Applying this to water at room temperature - which has an isothermal compressibility of \(\kappa_T = 4.533 \times 10^{-10}\) Pa\(^{-1}\) - with one molecule per bead (\(N_m = 1\)), we can determine a reciprocal of dimensionless isothermal compressibility of \(\kappa^{-1} \approx 16.09\). Rearrangement of the above equation with this value then gives the conservative force parameter as:

\[A_{ij} \approx \frac{75 k_B T}{\rho}.\]

Setting the bead density as \(\rho = 3\) along with \(k_B T = 1\) leads to \(A_{ij} = 25\). This value for the conservative force parameter is very commonly used in DPD simulations.

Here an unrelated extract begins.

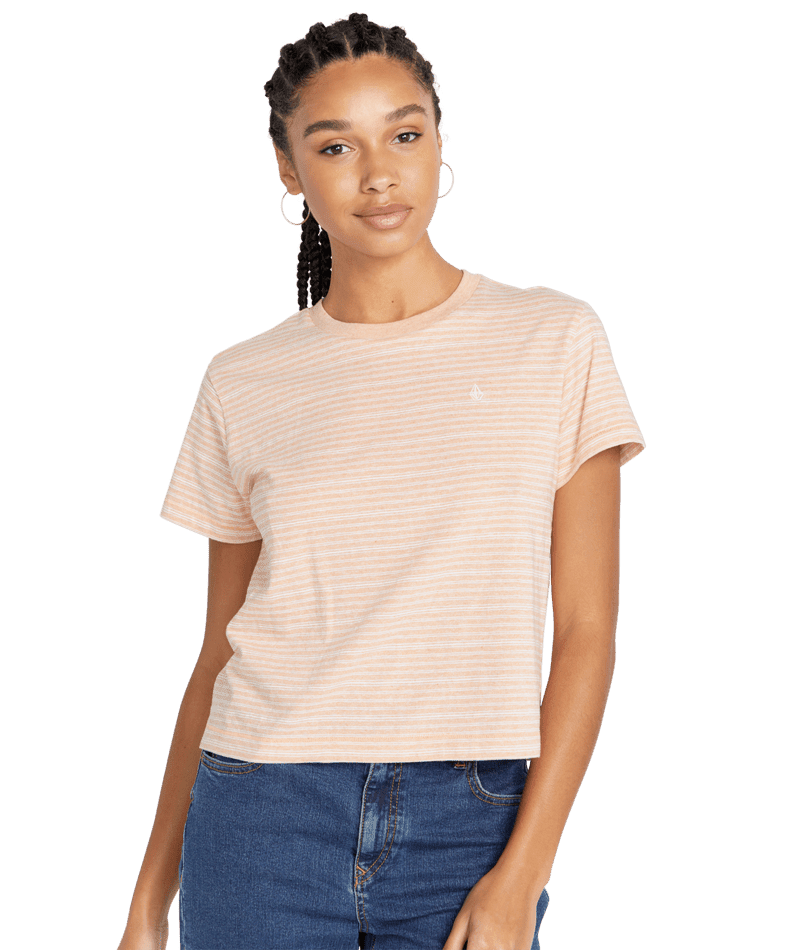 VOLCOM Women's Halite Stripe T-Shirt Clay Women's T-Shirts Volcom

Flory-Huggins solution theory

To parameterise conservative force parameters \(A_{ij}^{AB}\) between different particle species (A and B), we can use an approach based on the Flory-Huggins solution theory of polymers [Groot1997]. Assuming beads of species A and B are of equal size and molecules are made from these beads, we can express a Gibbs free energy of mixing based on the volume fractions of each species (\(\phi_A\), \(\phi_B\)) and the number of beads per molecule (\(n_A\), \(n_B\)):

\[\frac{\Delta G^{mix}}{k_B T} = \frac{\phi_A}{n_A} \ln \phi_A + \frac{\phi_B}{n_B} \ln \phi_B + \chi^{\text{AB}} \phi_A \phi_B,\]

where we introduce a parameter \(\chi^{\text{AB}}\) to represent the non-ideal part of the mixing energy: the higher the value, the more the components will repel each other. Groot and Warren found that the \(\chi^{\text{AB}}\)-parameter can be given in terms of the interaction parameter between the two species by the following predicted relationship:

\[\chi^{\text{AB}} = \left( A_{ij}^{\text{AB}} - A_{ij}^{\text{AA}} \right) \frac{2\alpha\rho}{k_B T}.\]

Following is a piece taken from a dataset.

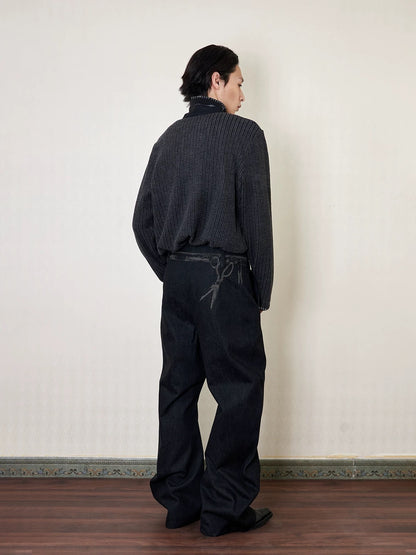 Urhe twisted striped Z-needle stand collar knit sweater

provided that the two species (A and B) interact among themselves in the same way (i.e. \(A_{ij}^{\text{AA}} = A_{ij}^{\text{BB}}\)) [2]. The value of \(A_{ij}^{\text{AB}}\) thus determines how well the two components will mix together.

In real DPD simulations, while the linear relationship between \(\chi^{\text{AB}}\) and \(\left( A_{ij}^{\text{AB}} - A_{ij}^{\text{AA}} \right)\) holds, the proportionality constant is generally not equal to \(2\alpha\rho/k_B T\). We can find the actual proportionality constant for a given particle density from series of simulations with separating beads or molecules, each with different values of \(A_{ij}^{\text{AB}}\). The volume fraction of one species (e.g. \(\phi_{A}\) for species A) in separated regions can be used to determine \(\chi^{\text{AB}}\):

\[\chi^{\text{AB}} n_A = \frac{\ln\lbrack(1 - \phi_{A})/\phi_{A}\rbrack}{1 - 2\phi_{A}}.\]

Values of \(\chi^{\text{AB}}\), either experimentally determined or estimated from atomistic molecular dynamics simulations, can then be used to determine the required values of \(A_{ij}^{\text{AB}}\).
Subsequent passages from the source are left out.